Barron's reports:
Warren Buffett is fond of saying his tax rate is lower than his secretary’s. He does not publicize his tax returns, but for the tax year 2010, he paid $6.9 million on taxable income of $39.8 million, according to partial disclosures he made in 2011.Warren wants you, yes you: to pay taxes while he doesn't pay his "fair share". After all, Warren Buffett is an expert at ripping off federal taxpayers via TARP.
What is astounding about those numbers is not the 17.3% tax rate, but that Buffett’s $39.8 million of taxable income is only about 0.05% of his reported net worth ($71 billion according to Forbes, which put him third on its list of the 400 wealthiest people in the world for 2015).

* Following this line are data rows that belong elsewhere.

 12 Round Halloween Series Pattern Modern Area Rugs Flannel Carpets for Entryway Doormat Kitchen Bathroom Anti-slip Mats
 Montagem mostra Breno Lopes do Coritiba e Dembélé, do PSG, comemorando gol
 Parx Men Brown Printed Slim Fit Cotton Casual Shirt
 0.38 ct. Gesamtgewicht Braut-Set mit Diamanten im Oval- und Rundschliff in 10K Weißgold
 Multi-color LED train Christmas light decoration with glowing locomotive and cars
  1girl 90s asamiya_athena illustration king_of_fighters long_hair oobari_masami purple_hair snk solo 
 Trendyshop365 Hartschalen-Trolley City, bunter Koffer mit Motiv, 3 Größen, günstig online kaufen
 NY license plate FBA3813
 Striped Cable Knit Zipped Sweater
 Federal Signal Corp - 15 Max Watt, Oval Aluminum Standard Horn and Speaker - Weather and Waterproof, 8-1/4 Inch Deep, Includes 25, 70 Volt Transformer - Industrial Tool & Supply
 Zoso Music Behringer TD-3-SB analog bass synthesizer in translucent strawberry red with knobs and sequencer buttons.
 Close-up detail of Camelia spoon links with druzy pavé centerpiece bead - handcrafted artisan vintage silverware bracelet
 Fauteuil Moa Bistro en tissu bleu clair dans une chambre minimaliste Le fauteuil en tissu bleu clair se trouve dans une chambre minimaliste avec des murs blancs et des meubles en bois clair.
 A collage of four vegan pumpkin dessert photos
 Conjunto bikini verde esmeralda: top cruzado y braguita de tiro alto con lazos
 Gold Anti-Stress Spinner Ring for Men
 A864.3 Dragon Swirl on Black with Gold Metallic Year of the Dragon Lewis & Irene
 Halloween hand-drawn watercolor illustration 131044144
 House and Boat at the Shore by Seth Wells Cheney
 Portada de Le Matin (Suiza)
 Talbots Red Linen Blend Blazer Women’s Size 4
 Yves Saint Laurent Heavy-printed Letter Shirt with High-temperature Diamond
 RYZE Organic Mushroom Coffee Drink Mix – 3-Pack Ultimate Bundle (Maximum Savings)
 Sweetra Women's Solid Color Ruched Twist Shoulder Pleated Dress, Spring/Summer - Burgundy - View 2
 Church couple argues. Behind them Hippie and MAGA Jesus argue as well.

Proportionately, that’s like someone with an ever-expanding net worth, currently $10 million, reporting taxable income of only $5,000 and paying a federal tax bill of only $900.
So, how does he do it? Buffett’s principal holding is an economic interest of about 20% of Berkshire Hathaway, the huge conglomerate he has been building since the 1960s. It has a market value of about $350 billion. Berkshire hasn’t paid any cash dividends since 1967. Rather, the company accumulates its prodigious after-tax income ($19.9 billion in 2014) and cash flow ($32 billion in 2014) to get bigger by buying companies, lots of companies. Among its large recent acquisitions were Lubrizol, Burlington Northern Santa Fe, and a shared acquisition of H.J. Heinz.
The Berkshire Model is to buy companies rich in cash flow with histories of paying dividends, then cancel those dividends and retain the cash flow going forward for future acquisitions.
How much tax is Warren Buffett able to avoid by fixing Berkshire’s dividend at zero? The dividend yield of the Standard & Poor’s 500 is about 2%. The price/earnings ratio of the S&P 500 is about 18. Thus, for the S&P 500, approximately 30% of earnings are paid out to shareholders. These dividends are taxable at a current maximum rate of 23.8%.
If Berkshire followed the average of the S&P 500, it would have paid out about $6 billion in dividends in 2014, and Buffett’s share would have been about $1.2 billion.